▶ Short text fragments from websites
Content starts

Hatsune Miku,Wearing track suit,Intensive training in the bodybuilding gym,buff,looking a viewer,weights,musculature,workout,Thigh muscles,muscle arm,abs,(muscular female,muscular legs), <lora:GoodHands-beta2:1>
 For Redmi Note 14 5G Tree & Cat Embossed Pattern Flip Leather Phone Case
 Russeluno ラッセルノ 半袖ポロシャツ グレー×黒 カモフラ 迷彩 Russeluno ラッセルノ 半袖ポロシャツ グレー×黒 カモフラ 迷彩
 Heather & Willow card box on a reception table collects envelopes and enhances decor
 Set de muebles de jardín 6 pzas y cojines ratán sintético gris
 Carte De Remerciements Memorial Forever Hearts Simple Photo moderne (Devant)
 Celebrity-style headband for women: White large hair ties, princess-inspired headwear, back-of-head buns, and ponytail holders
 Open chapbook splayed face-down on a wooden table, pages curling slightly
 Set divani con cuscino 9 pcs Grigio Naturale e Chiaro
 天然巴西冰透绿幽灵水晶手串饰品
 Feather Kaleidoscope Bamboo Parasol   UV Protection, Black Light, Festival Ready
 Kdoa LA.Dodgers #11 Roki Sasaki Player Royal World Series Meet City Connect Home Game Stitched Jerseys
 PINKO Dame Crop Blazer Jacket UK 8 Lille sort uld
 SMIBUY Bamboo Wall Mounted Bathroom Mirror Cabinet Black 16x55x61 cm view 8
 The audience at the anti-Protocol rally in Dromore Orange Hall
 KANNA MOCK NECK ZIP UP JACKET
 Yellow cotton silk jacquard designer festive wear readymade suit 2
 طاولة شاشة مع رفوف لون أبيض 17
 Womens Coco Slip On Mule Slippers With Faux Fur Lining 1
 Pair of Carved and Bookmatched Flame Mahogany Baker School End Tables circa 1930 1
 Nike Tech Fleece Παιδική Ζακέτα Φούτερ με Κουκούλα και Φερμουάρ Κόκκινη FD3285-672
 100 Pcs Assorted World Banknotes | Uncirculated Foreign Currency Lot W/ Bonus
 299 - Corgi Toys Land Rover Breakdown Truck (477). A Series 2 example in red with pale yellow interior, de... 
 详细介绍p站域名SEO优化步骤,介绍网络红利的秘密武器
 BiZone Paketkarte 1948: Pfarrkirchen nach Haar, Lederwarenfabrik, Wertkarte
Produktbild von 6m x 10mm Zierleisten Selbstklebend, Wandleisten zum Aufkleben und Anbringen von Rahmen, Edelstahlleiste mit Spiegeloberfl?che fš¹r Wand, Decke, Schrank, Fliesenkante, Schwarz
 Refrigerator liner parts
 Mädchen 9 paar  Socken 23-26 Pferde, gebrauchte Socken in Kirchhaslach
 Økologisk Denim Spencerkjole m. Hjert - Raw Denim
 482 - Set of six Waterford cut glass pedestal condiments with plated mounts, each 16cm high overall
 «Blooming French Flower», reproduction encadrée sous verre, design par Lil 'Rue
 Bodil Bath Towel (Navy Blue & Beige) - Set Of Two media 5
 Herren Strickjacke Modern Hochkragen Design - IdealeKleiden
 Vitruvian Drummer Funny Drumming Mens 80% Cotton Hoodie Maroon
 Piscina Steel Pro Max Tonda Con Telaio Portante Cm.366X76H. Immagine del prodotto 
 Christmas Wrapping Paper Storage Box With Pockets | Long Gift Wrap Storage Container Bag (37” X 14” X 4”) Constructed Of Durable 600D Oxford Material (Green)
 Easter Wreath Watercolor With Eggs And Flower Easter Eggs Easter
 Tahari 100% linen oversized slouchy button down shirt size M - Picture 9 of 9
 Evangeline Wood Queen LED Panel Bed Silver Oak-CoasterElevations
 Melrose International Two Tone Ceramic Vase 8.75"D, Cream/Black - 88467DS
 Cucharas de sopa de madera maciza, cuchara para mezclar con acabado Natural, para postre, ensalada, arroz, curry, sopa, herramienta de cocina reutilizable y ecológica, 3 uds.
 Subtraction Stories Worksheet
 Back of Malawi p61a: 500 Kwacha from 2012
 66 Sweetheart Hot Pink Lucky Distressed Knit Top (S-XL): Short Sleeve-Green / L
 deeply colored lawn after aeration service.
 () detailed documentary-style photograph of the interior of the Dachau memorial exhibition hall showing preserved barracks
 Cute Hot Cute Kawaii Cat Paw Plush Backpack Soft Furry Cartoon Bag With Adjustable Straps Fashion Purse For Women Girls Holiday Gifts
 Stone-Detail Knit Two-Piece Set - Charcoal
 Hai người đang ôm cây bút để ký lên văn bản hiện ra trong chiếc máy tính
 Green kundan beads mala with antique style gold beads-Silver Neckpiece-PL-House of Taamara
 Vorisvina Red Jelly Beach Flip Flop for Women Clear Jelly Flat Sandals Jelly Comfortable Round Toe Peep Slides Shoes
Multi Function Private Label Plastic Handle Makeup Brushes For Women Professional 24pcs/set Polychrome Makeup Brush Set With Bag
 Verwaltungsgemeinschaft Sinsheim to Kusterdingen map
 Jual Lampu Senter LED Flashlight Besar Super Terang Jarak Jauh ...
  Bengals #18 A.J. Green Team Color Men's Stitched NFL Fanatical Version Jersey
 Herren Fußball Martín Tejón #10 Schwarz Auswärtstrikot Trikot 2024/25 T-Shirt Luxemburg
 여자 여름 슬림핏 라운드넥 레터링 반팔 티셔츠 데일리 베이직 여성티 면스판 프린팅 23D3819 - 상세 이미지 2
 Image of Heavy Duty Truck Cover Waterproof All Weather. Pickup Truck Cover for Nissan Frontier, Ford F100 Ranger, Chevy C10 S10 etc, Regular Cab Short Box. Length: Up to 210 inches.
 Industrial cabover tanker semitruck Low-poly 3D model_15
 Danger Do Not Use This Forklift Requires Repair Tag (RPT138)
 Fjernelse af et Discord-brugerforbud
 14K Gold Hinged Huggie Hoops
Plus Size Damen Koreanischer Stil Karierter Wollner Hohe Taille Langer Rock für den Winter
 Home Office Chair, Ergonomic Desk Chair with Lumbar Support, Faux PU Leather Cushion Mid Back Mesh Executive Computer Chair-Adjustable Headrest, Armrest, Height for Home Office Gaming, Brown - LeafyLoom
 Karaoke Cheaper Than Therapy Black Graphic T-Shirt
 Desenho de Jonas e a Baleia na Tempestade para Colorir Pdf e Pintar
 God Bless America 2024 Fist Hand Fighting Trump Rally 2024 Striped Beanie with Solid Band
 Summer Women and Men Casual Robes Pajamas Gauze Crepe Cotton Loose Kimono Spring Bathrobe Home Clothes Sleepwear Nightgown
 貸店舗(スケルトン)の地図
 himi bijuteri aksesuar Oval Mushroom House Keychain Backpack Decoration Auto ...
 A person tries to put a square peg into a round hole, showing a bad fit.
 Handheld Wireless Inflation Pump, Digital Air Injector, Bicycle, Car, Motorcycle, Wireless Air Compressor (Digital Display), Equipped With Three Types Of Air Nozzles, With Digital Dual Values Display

Content ends

▶ The problem
Set down exactly the line that holds "himi bijuteri aksesuar" and all lines after it to the end of the data.

▶ Task output
 himi bijuteri aksesuar Oval Mushroom House Keychain Backpack Decoration Auto ...
 A person tries to put a square peg into a round hole, showing a bad fit.
 Handheld Wireless Inflation Pump, Digital Air Injector, Bicycle, Car, Motorcycle, Wireless Air Compressor (Digital Display), Equipped With Three Types Of Air Nozzles, With Digital Dual Values Display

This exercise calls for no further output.